Crucially, the general licences did not give people a licence to kill or trap birds with impunity.

You needed to be able to identify the species of bird as being eligible for control and you needed to have a valid reason, like the ones identified above.

Ongoing monitoring of bird species in the UK means that the list of approved birds fluctuates, with some birds falling off the list only to return once they’re determined to have recovered numbers.

And anyone carrying out control of birds must still follow animal welfare laws, making sure that birds are dealt with in a quick and humane manner.

Wild Justice legal challenge

In February 2019 Wild Justice, a not-for-profit company set up by wildlife campaigners Chris Packham, Dr Mark Avery and Dr Ruth Tingay, sent a ‘Pre Action Protocol’ letter to Natural England.

In this letter, they claimed that the licences (GL04, GL05 and GL06) were unlawful, as there was essentially no way of auditing that the licences were being used for the limited purposes set out in law.

Wild Justice is currently in a battle with shooting groups over driven grouse hunting

Wild Justice also believed that the licences did not allow Natural England to ensure that birds were only killed after non-lethal means had been tried or properly assessed.
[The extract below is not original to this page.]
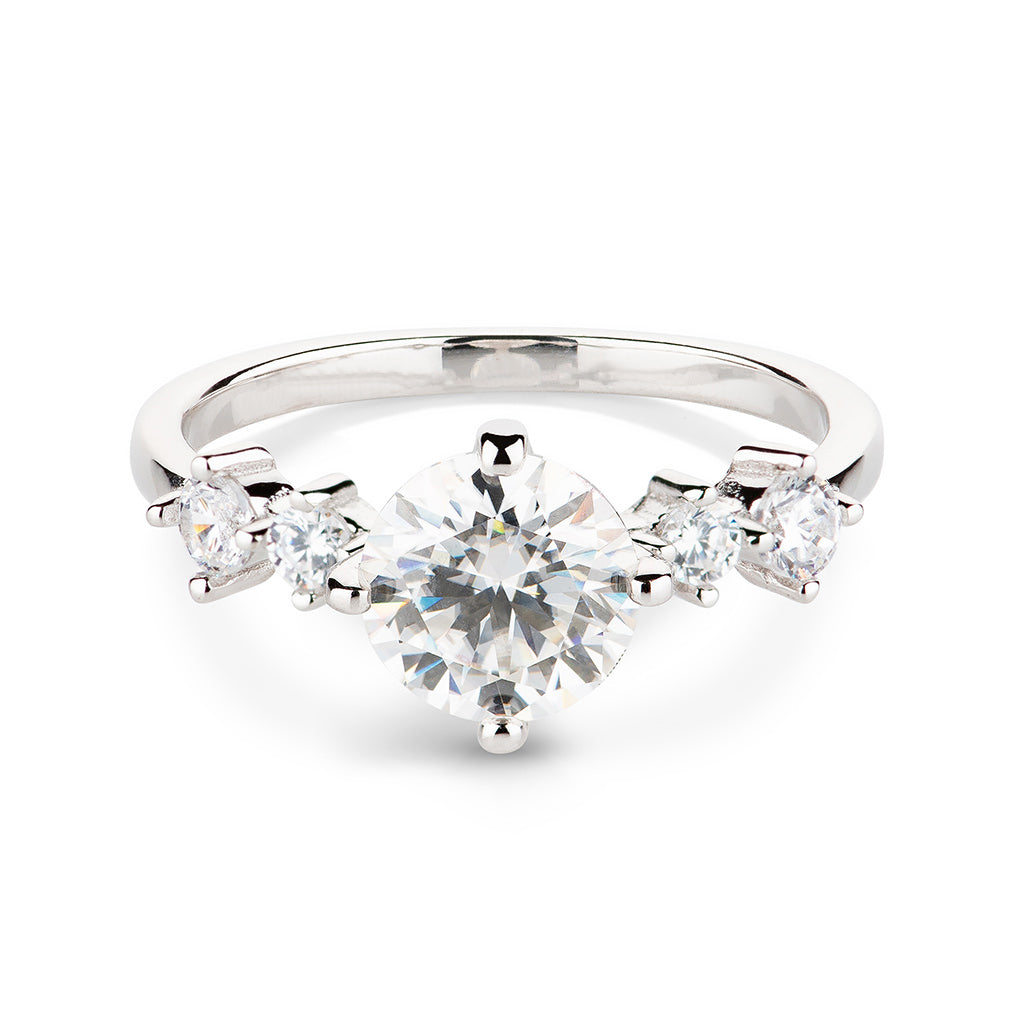Round Cluster Accent Moissanite Engagement Ring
In essence, the challenge was not against the basic principle of general licences, but Wild Justice believes that the level of control offered by individual licences is much greater.

The group states that it didn’t want to change the law but wanted to see the law implemented correctly.

Natural England responded to the letter in March, which Wild Justice deemed to be inadequate.

And so they sought permission from the court for a judicial review of their decision.

On 23 April, Natural England announced the General Licences GL04, GL05 and GL06 would be withdrawn two days later (what we call in the BPCA office ‘a big news day’).

In essence, the challenge was not against the basic principle of general licences, but Wild Justice believes that the level of control offered by individual licences is much greater.

Industry reaction

The decision to revoke the general licences came out of the blue, even for Wild Justice.

Pulling the licences at such short notice, with no immediate alternative in place, rightfully caused panic across the pest management industry.

As part of a longer statement released at the time Ian Andrew, BPCA Chief Executive said:

“We’re concerned that well trained and experienced pest management professionals will unwittingly be breaking the law while trying to protect their clients because of the lack of warning or due process.

“We believe the professional judgement of a proficient, trained and experienced pest management company, like a BPCA member, should be enough to satisfy the condition that all other bird management options have been exhausted before lethal action is taken.”

The revocation of the General Licences was a controversial move, which spurred more extreme pro-shooting groups to send death threats to Chris Packham, famous for presenting BBC Springwatch.

Critically it seemed like it could leave the pest management sector, for an unknown period of time, with no legal way of controlling birds.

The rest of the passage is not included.